▶ _DATASET EXCERPT_
>>

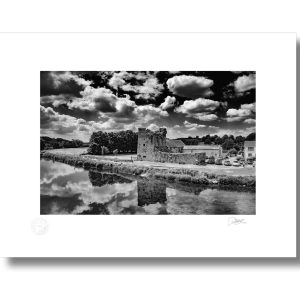 Thomastown Castle, River Nore | Signature Print | Patrick Donald Thomastown Castle, River Nore | Signature Print | Patrick Donald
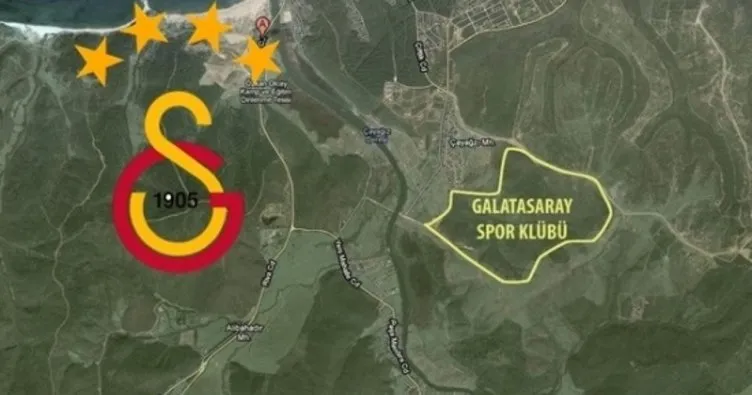 Galatasaray’ın Riva arazisine verilen en yüksek teklif belli oldu
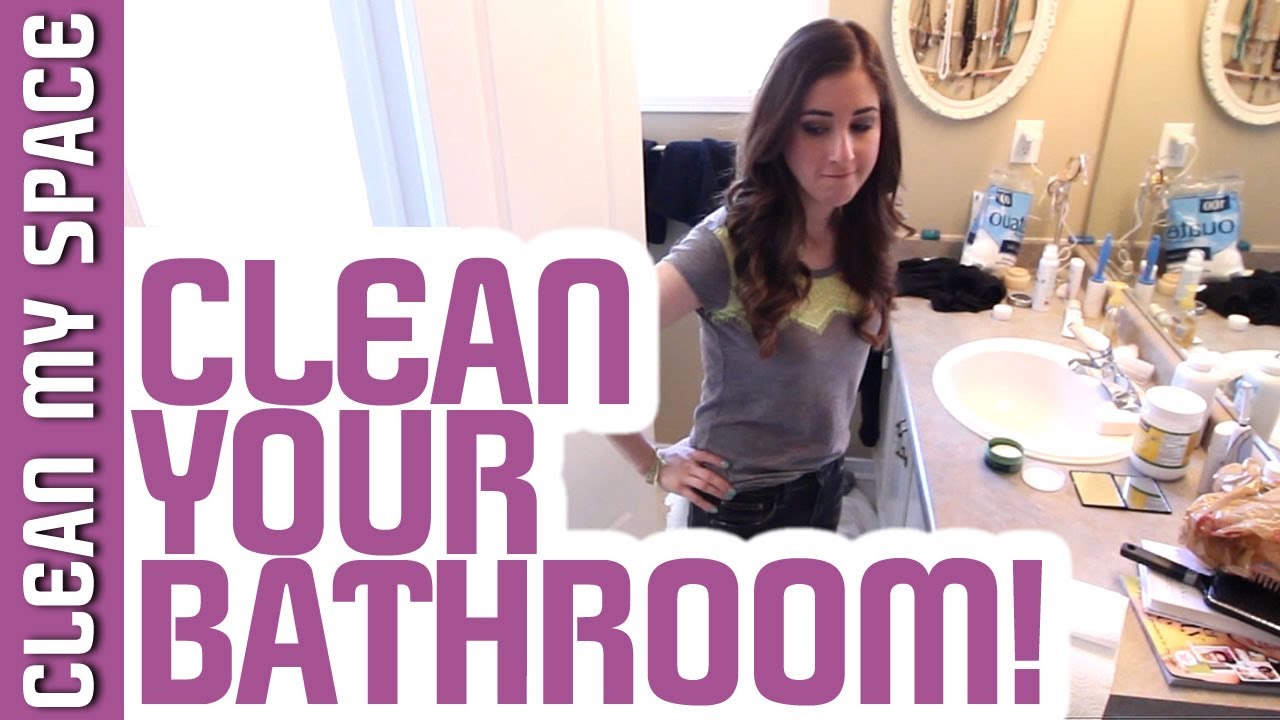 7 Brilliant Tips You'll Use Every Time You Clean The Bathroom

<<

▶ _REQUIRED ACTION_
Please return only the lines running from the line with "Galatasaray’ın Riva arazisine" to the final line of the data, both included, exactly and without any pictures.

▶ _SOLUTION BELOW_
 Galatasaray’ın Riva arazisine verilen en yüksek teklif belli oldu
 7 Brilliant Tips You'll Use Every Time You Clean The Bathroom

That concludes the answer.